Probabilistic Matching in IBM InfoSphere Master Data Management

White Papers

Abstract

Probabilistic matching measures the statistical likelihood that two records are the same. By rating the similarity of the two records, the probabilistic matching method is able to find non-obvious correlations between data; two records may belong to the same person even if their attribute values are not the same.
This differs from Deterministic matching uses a series of rules, like nested if statements, to run logical tests on the data sets and seek a clear Yes or No result (no Maybe).

This technical document reviews the process that MDM uses to perform this probabilistic matching.

Content

Master Data is the core demographic data about people, organizations, or products which is stored and shared across multiple systems to support critical business processes. Within IBM Initiate Master Data Service, this data is classified as:
1. Matching Data which is used by the Algorithm to search, match, and link records.
2. Payload Data which is not used by the Algorithm for matching or linking, and can't be used for searching.

The probabilistic matching algorithm is configured to focus on key data elements (matching data) and it is configured during go-live but if needed, it may be modified thereafter. In a regular database, there maybe be hundreds or thousands of attributes associated with a member but very few will be matching data (say 10 attributes). The generally used matching data attribute for a person includes name, address, social security, phone number, birth date etc.
When we compare, search, match or link, these 10 or so attributes are used and the rest are ignored. Theoretically you may define as many attributes as matching data as needed, but adding more attributes may not result in much more accurate matching and can slow down the system significantly due to the additional required processing.

The Algorithm:
Algorithm defines the core logic for matching and searching. It sends data through a series of three steps, which break the data down, organizes the records, and compare data for overall match. These three steps are listed below:
Standardization: Re-structures data for consistency(does not alter data displayed). It converts data to simplest form for more efficient utilization during matching process.
Bucketing: Organizes records with similar data into an index for faster retrieval during searches.
Comparison: Defines the method for comparing data to assess the level of match. It compares pairs of records using the probabilistic method to calculate a score.

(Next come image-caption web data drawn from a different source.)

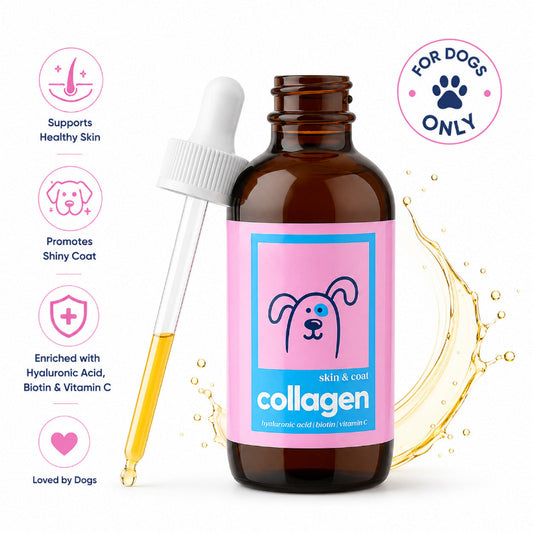 Pet Collagen & Probiotic Drops
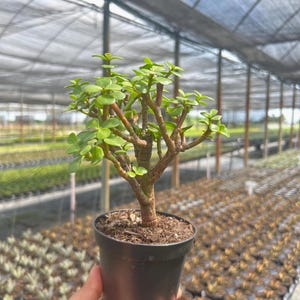 May include: A small, potted jade plant with vibrant green leaves and a brown trunk. The plant is in a black plastic pot, held in a hand. The background shows a greenhouse setting with rows of plants.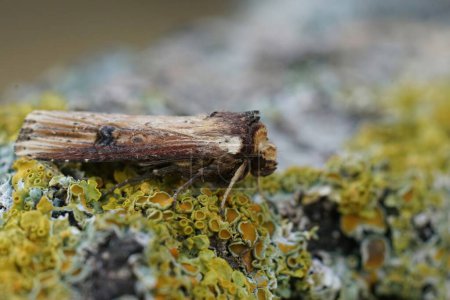 Detailed closeup on the flame owlet moth,Axylia putris, sitting on a piece of wood
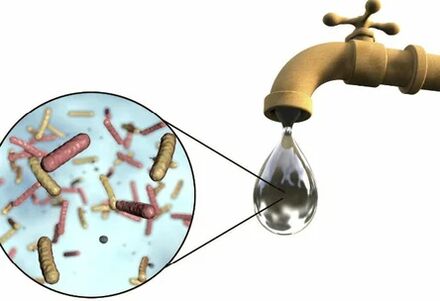 Parassiti in una goccia d'acqua dalla gru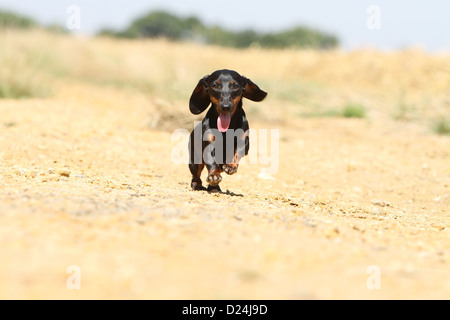 Hund Dackel / Dackel / Teckel Kurzhaar Erwachsener (Black And Tan) ausgeführt Stockfoto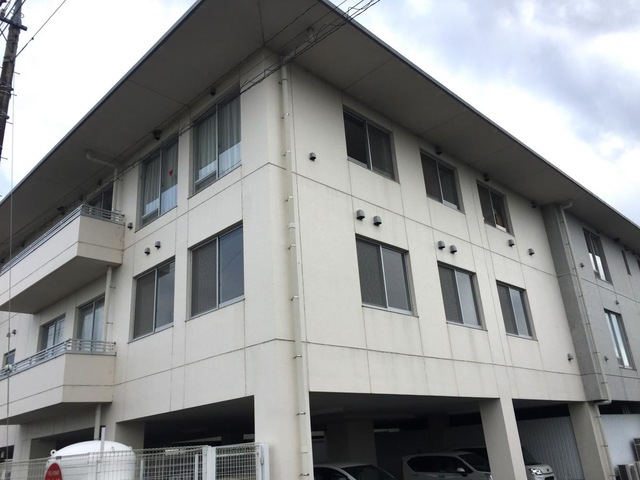 プラタナスの丘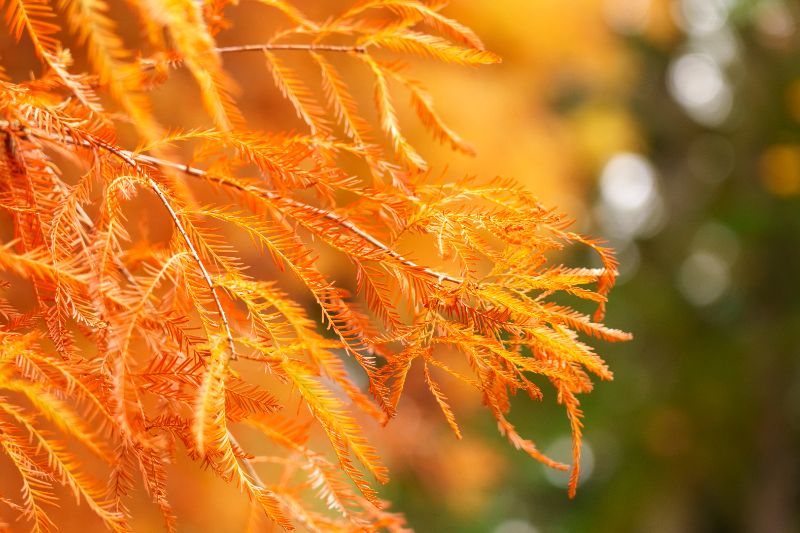 Golden-orange Bald Cypress needles in soft sunlight, feathery and delicate, capturing the autumn transformation of this deciduous conifer.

The algorithm is defined in the 'Algorithms' tab of the configuration pane in workbench and the following screen shot demonstrates the set-up for person legal name:

For discussion, let's use the following simpler use case:

The Attributes row merely tells us which attribute we are using; attributes added here are the ones referred previously as Matching Data.

Standardization:
The second column is for standardization and here we specify how the data is pulled from the attribute, formatted for more efficient comparison, and stored in the MEMCMPD table according to the role number. Standardization provides a wide array of of functions and some of the use cases include:
- Case Conversion: Converts Karen Jones to JONES:KAREN
- Truncation of Values: Converts (312) 832-1212 to 8321212
- Anonymous Values: Removes Phones with (000) 000-0000
- Validating Data Length: Rejects SSNs that do not have 9 digits
- Validating Data Format: Rejects e-mail addresses without an @ sign
- Nickname/Equivalency Translation: Converts values like Apartment to APT, West to W

We bundle certain in built functions with the workbench to accomplish this processing and a typical set-up looks like the following (PXNM is the standardization function here):

Standardized data is stored in the cmpval field of the mpi_memcmpd table and the stored data has the following characteristics:
- Attributes are delimited by carats “^”
- Tokens within the attributes are delimited by colons “:”
- ‘OR’ is indicated by a tilde “~”
- Strings must be less than 256 characters in length. If there are more than 256 characters, a second line in is created

Following are some examples of the standardized strings (mpi_memcmpd table) for the following fields: LastName, FirstName, MidInitial, Suffix, SSN, Gender, ZipCode, StreetLine1, HomePhone, MobilePhone, EyeColor:

Along with performance, one of the benefits of standardization is that the following addresses will be identical after standardization and hence we will have better matching results:
1. 208 West Chicago Apt. #3, Oak Park, IL 60302
2. 208 W. Chicago Ave. Apartment 3, Oak Park, IL 60302
3. 208 Wst. Chicago, Apt. 3, Oak Park, IL 60302
4. #3 – 208 W Chicago Avenue, Oak Park, IL 60302

Bucketing:
The bucket function pulls data from MEMCMPD table, transforms it according to the bucketing function design (As Is, Sorted, YYYYMM, Equivalence & Phonetic), then sends data to the bucketing group, which creates the actual buckets. The standardized string is fed into the bucketing function and based on the chosen function, it is processed, and combined with other strings to get a final string. The bucket value goes through a 64 bit hash function and saved into the mpi_memktd table along with the memrecno. Following is an example of how one such bucket is set up with Equivalence & Phonetic bucketing function:

The main purpose of buckets is to improve the performance during searches and during entity management. Since we are doing probabilistic matching, so theoretically we need to compare each search criteria and member undergoing entity management process to every other member in the database. Standardizing, comparing, generating scores, and then picking the highest scoring ones would be a time consuming process when it is spread across hundreds of millions of members. So instead, we create buckets from the search criteria or members undergoing entity management, and compare them against only those members which share a common buckets. So instead of doing hundreds of millions of comparisons, we only do a few hundred/thousand. The rationale being that if members don't even share a single bucket, then they will not score high upon comparison and so we can leave them out. But we cast a wide net by comparing each member which shares a common bucket so as to get stable and reliable results.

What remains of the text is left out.